= DATA UNDER STUDY =
◆ ◆ ◆ ◆ ◆ ◆ ◆

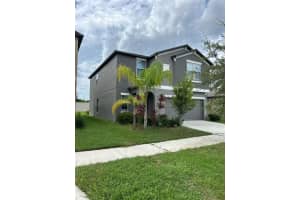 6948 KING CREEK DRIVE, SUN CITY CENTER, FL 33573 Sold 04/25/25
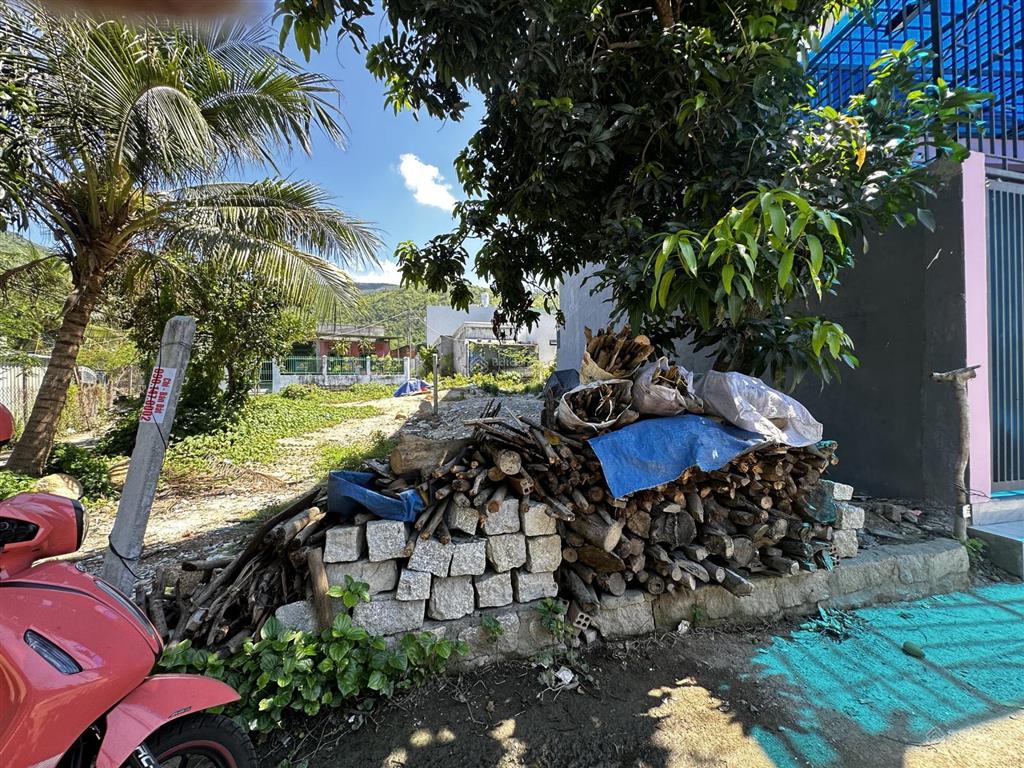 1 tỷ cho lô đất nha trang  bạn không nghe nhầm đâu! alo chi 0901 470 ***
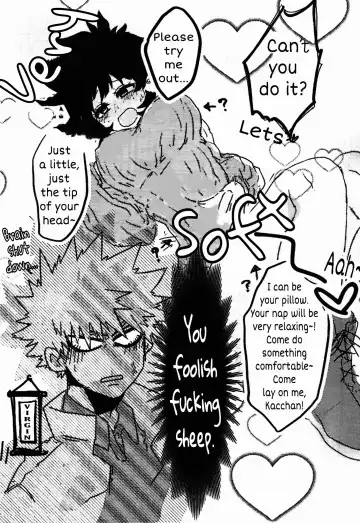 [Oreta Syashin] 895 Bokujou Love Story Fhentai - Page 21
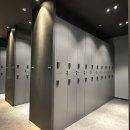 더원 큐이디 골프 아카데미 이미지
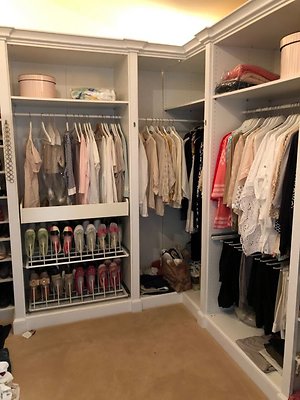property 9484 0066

◆ ◆ ◆ ◆ ◆ ◆ ◆

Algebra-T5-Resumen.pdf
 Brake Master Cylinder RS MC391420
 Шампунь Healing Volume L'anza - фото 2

◆ ◆ ◆ ◆ ◆ ◆ ◆

= WHAT YOU WILL DO =
Within the listing above, give again exactly every line from the line with "Brake Master Cylinder RS MC391420" through the line with "Шампунь Healing Volume L'anza - фото 2", both included, and no other line.

= TASK RESPONSE =
 Brake Master Cylinder RS MC391420
 Шампунь Healing Volume L'anza - фото 2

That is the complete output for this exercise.